Memo to leaders: Supporting mental wellness at work builds resiliency
By Lisa McGuire
Through the pandemic, many leaders have felt the impact of fatigue, stress, depression and other mental health challenges on the physical health and work performance of their already stretched teams.
Increasingly, leaders are coming to appreciate that post-pandemic economic recovery depends on a mentally healthy workforce that can cope with frequent, and often unexpected, change.
Mental Health Commission of Canada statistics highlight the scope and impact of the problem. With 47 per cent of working Canadians considering work to be the most stressful part of their day, psychological health problems have become the leading cause of disability in Canada. The cost to Canada’s economy is now approaching $51 billion per year — with $20 billion coming from work-related causes.
On the flip side, research shows psychologically healthy and safe workplaces experience fewer lost-time injuries, have more engaged employees and higher retention rates, and have more successful return-to-work programs for injured workers. An effective and successfully implemented workplace mental health program drives profit, productivity, and staff retention — signaling the value the employer places on the well-being of its team members.
Clearly, in 2023, workplace mental health needs to remain a priority for every business leader.
Safe working conditions safeguard physical, mental health
According to the 2021 Priorities for Business Leaders, a whitepaper by Oasis Paychex HR that surveyed 300 business leaders, employee mental health and well-being is increasingly at risk with chronic exposure to occupational stress.
Assessing and addressing psychological risk is a key skillset for anyone tasked with identifying hazards and managing risk. If someone is experiencing poor mental health and increased psychological stressors, it may be reflected in a change in performance.
The 2009 BC Human Rights Tribunal landmark judgment for Bertrend vs. Golder Associates found that:
When an employer discovers that an employee is suffering from depression, they have a duty to accommodate that employee to a reasonable degree. The existence of such a condition can be reasonably inferred from observation and from the testimony of employees themselves, even in the absence of medical evidence. (Emphasis added.)
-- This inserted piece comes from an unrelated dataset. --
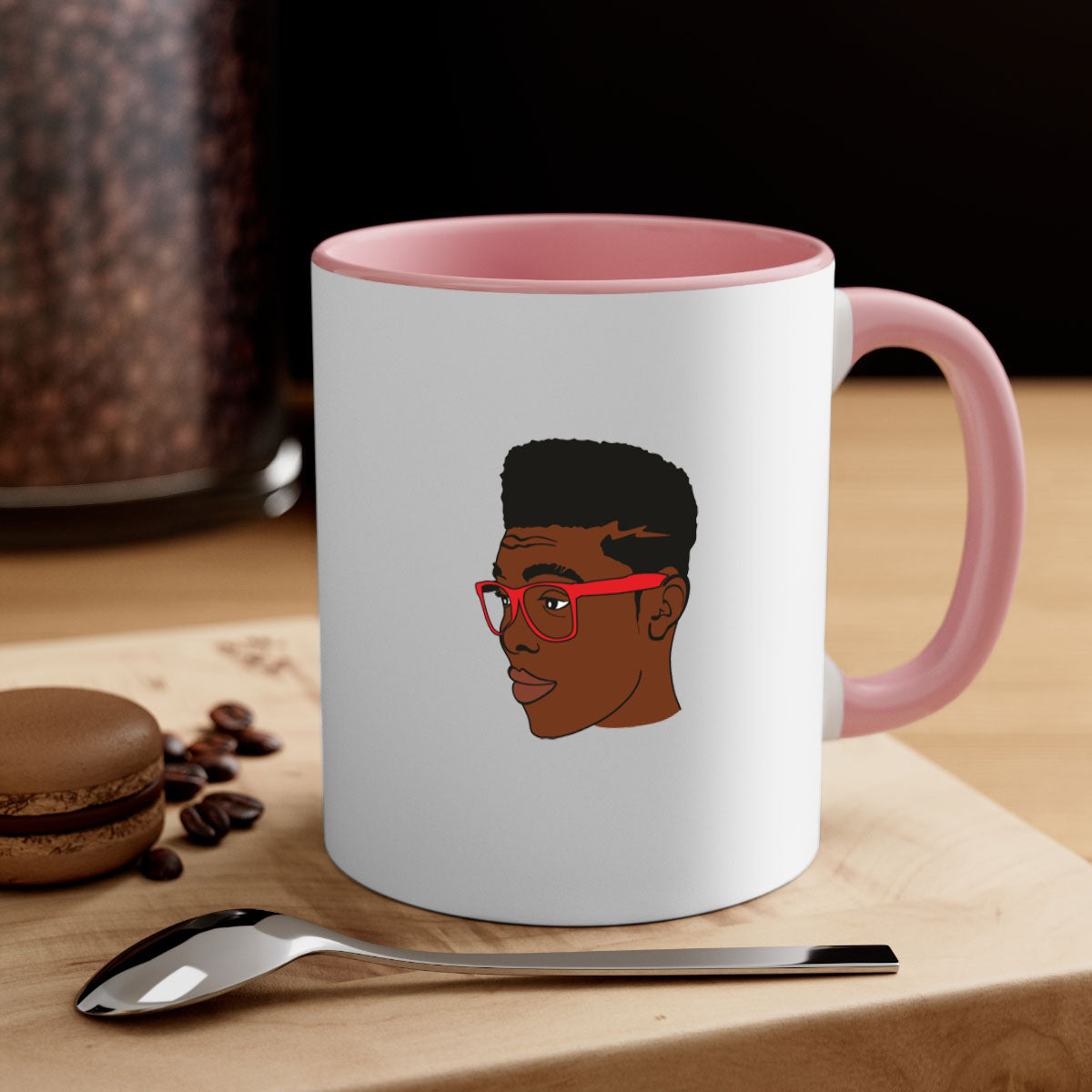 Black man 37# Mug featuring a two-tone design with a colored handle and interior, available in multiple colors and sizes.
Even though this case specifically references depression, the same could be applied to any mental health challenge or stressor. To date, BC and several provinces have added violence and harassment explicitly to their Workplace Compensation Acts.
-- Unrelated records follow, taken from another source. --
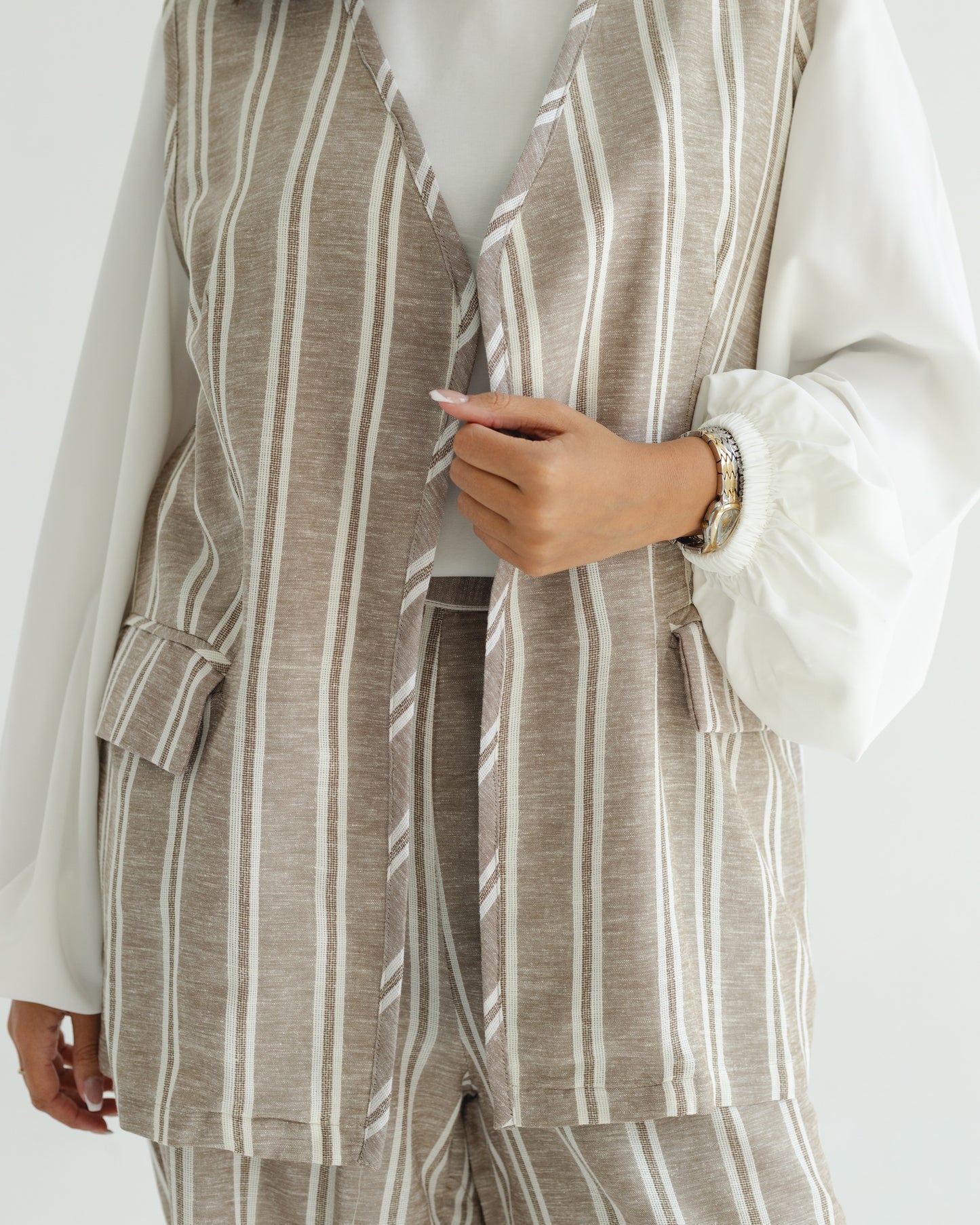 Beige Pinstripe Vest Set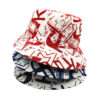Wholesale Double Sided Bucket Hat with Letter Graffiti Chic Sun Protection Casual Hat for Women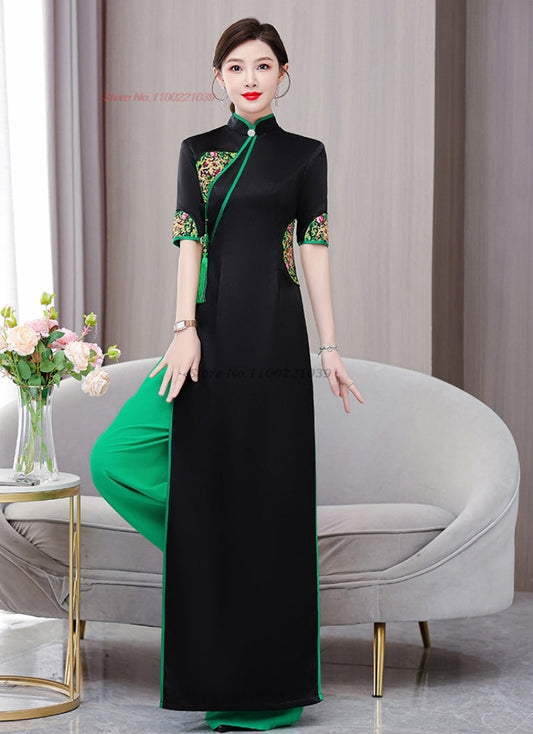 2024 vietnam traditional aodai dress+pants set national flower embroidery impro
What makes a successful mental health program
Because the employers’ duty of care now includes both physical and mental health, leaders need to be intentional about creating a positive workplace culture where workers feel comfortable talking to about their mental health.
Every organization is unique. Businesses might be large or small, may require shift work or have staff working both on-site and remotely. Understanding the specific business needs is critical to tailoring effective mental health supports and wellness strategies to support and benefit the entire team.
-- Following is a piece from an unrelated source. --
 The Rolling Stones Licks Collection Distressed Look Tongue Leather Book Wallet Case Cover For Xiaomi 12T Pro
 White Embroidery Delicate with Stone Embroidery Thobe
Nearly every successfully implemented mental health strategy is long-term and impacts employees at every level. Ensure that these include a response plan for traumatic events–such as accidents and fatalities at the workplace or even deaths of coworkers–as well as ongoing strategies to promote general mental health wellness. By integrating mental wellness strategies into a company’s existing occupational health and safety programs, it will encourage behavioural change and help expand the thinking of managers, workers, and OHS team beyond physical safety.
By ensuring that every people leader in the organization receives mental health training, leaders are equipping them with the tools to recognize and respond to the needs of team members experiencing psychological stressors. And by developing a regular schedule of review, they can stay on top of what’s working and identify gaps in current mental health and wellness strategy and programs.
Mental health organizations such as the Canadian Mental Health Association, the Centre for Addiction and Mental Health, and the Mental Health Commission of Canada, along with provincial health and safety associations such as the Manufacturing Safety Alliance of BC, offer a wealth of resources, information, training, and support to help businesses adapt to these emerging needs.
Ensuring a psychosocially safe and healthy workplace is key to a business’ competitiveness, sustainability, and long-term growth.